**Supplied records**
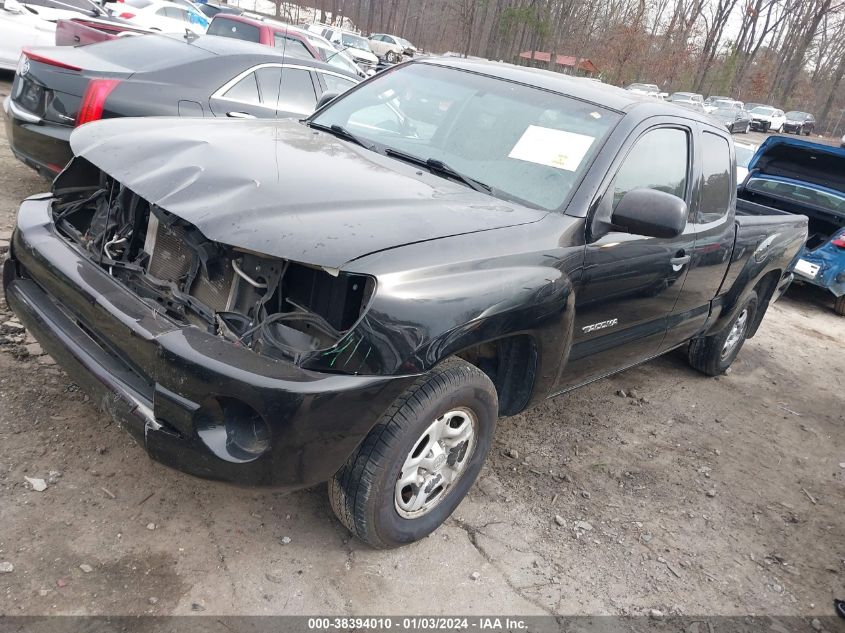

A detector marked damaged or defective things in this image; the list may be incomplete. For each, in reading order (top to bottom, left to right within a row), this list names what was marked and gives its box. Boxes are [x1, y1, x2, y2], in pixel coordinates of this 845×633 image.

crushed front end [3, 160, 412, 486]
damaged black pickup truck [8, 56, 812, 544]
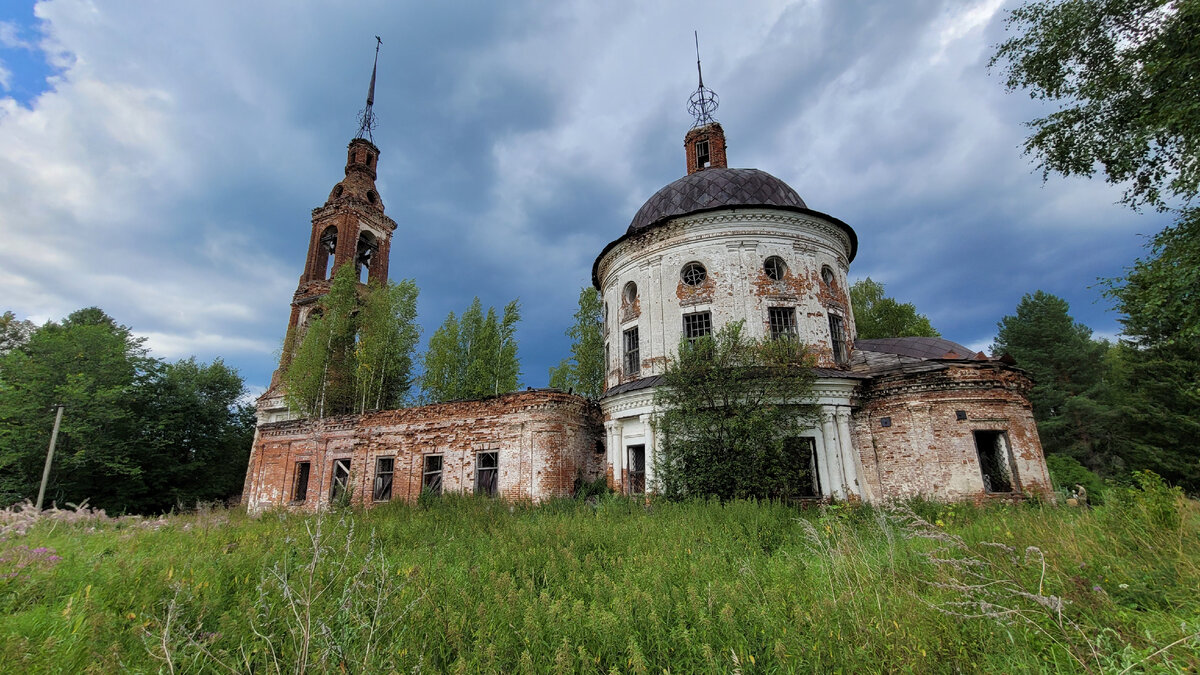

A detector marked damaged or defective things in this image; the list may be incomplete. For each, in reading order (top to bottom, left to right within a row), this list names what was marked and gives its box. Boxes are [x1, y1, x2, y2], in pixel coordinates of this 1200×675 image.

rusted metal roof [628, 166, 806, 233]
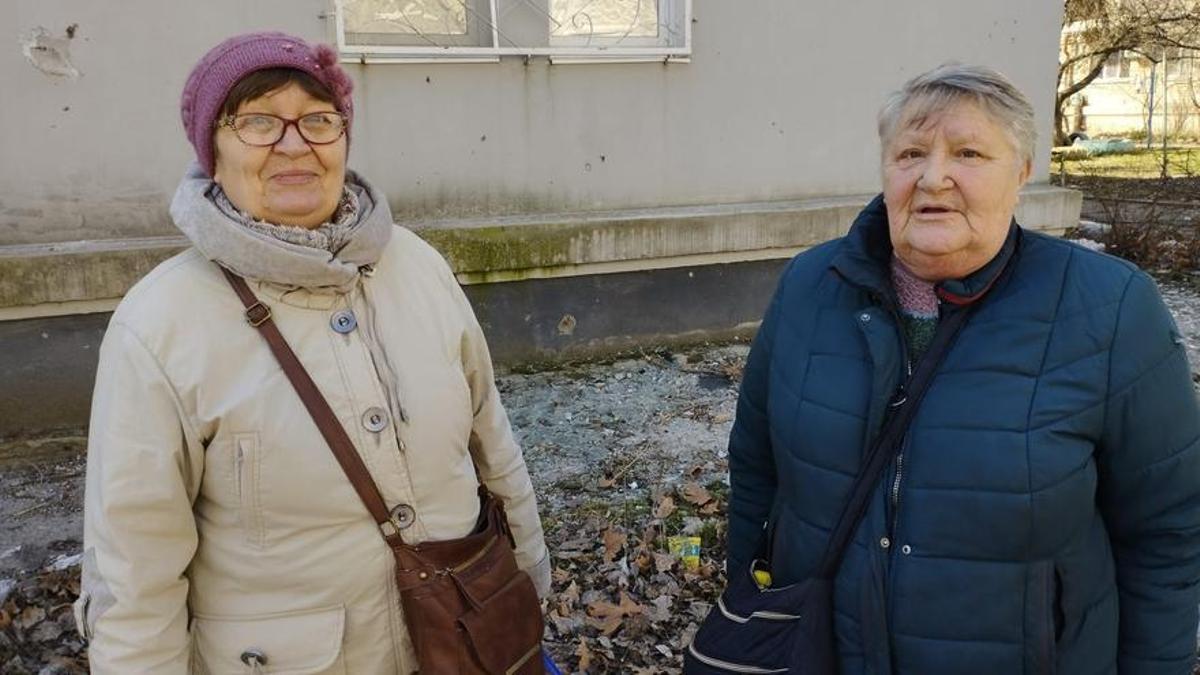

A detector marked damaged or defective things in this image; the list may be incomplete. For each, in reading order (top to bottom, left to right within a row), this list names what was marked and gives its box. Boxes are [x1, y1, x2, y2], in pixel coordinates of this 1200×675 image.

damaged building wall [4, 0, 1064, 248]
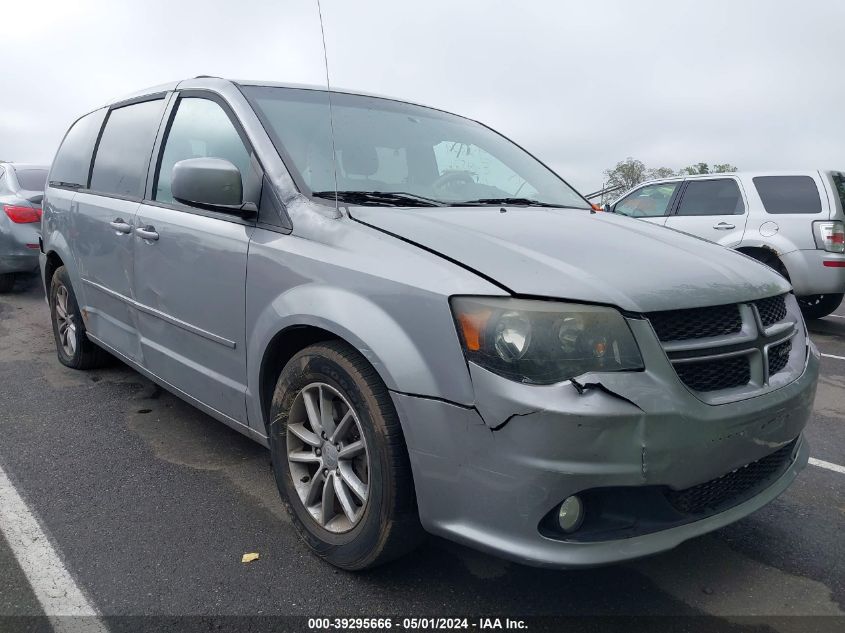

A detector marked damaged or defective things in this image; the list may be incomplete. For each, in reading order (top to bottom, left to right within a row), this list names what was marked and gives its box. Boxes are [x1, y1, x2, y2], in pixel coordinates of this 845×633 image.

cracked headlight [452, 298, 644, 386]
front bumper damage [394, 316, 816, 568]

**Task statement**
Omit every picture, and otherwise quote the entries exactly.

**Solution for this task**
A detector marked damaged or defective things in this image; the list may be incomplete. For each, in reading order (top to bottom, left to right within a row), this list names what was marked and gives its box. Boxes are [x1, y1, x2, y2], in pixel coordinates of this 845×633 image.

crushed front end [3, 160, 412, 486]
damaged black pickup truck [8, 56, 812, 544]

A detector marked damaged or defective things in this image; the list may be incomplete. For each, in reading order (top to bottom, left to right within a row), this list names what was marked and gives its box. Boxes are [x1, y1, x2, y2], in pixel coordinates of this 1200×675 image.

rusted metal roof [628, 166, 806, 233]

A detector marked damaged or defective things in this image; the list may be incomplete. For each, in reading order (top to bottom, left to right within a row), this list names what was marked and gives its box. Boxes are [x1, y1, x2, y2], in pixel coordinates of this 1200×675 image.

damaged building wall [4, 0, 1064, 248]

A detector marked damaged or defective things in this image; the list may be incomplete. For each, in reading order (top to bottom, left to right within a row), this list names what was marked and gives its box. Boxes are [x1, y1, x2, y2], in pixel coordinates of this 845×633 image.

cracked headlight [452, 298, 644, 386]
front bumper damage [394, 316, 816, 568]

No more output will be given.